── SOURCE DATA
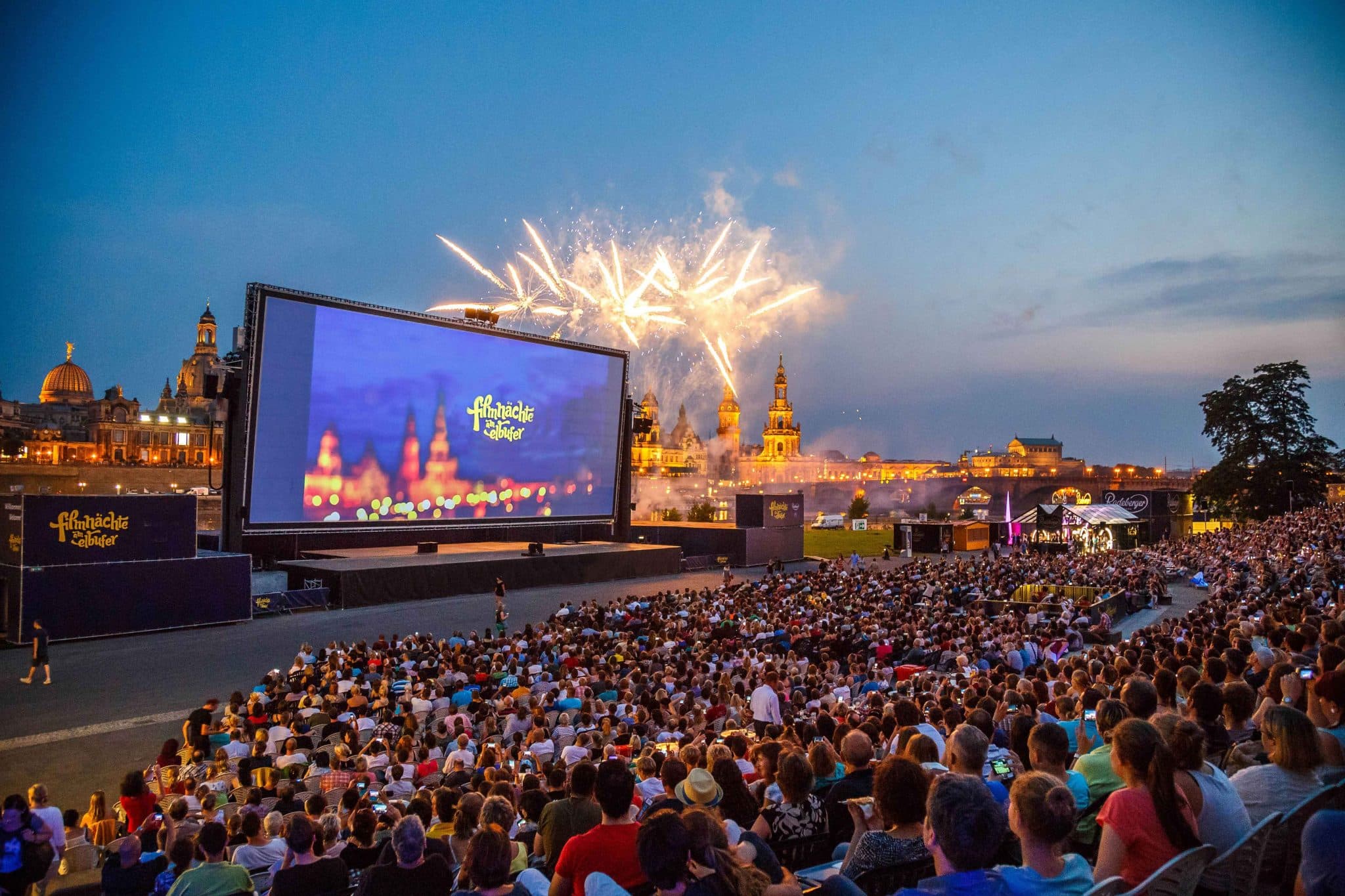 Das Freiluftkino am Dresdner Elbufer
────
── SOURCE DATA
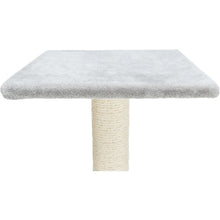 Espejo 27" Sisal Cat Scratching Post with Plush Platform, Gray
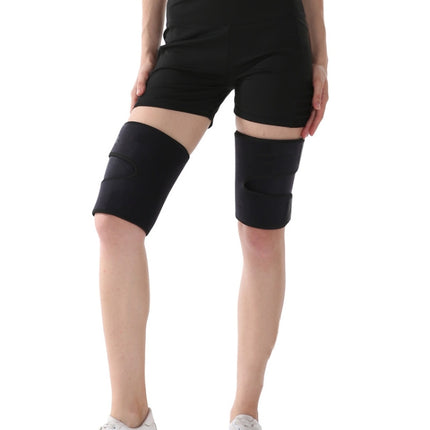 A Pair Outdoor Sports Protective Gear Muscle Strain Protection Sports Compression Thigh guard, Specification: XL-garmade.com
────
── SOURCE DATA
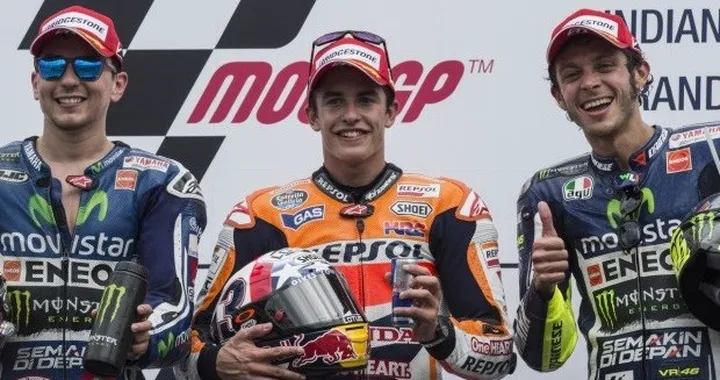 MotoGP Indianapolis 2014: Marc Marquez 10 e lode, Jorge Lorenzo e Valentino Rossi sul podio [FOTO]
────
ACTION ITEM: Would you restate, exactly and with no pictures, the lines of the entries above from the one containing "Plush Platform, Gray" through the one containing "A Pair Outdoor"?

TASK ANSWER:
 Espejo 27" Sisal Cat Scratching Post with Plush Platform, Gray
 A Pair Outdoor Sports Protective Gear Muscle Strain Protection Sports Compression Thigh guard, Specification: XL-garmade.com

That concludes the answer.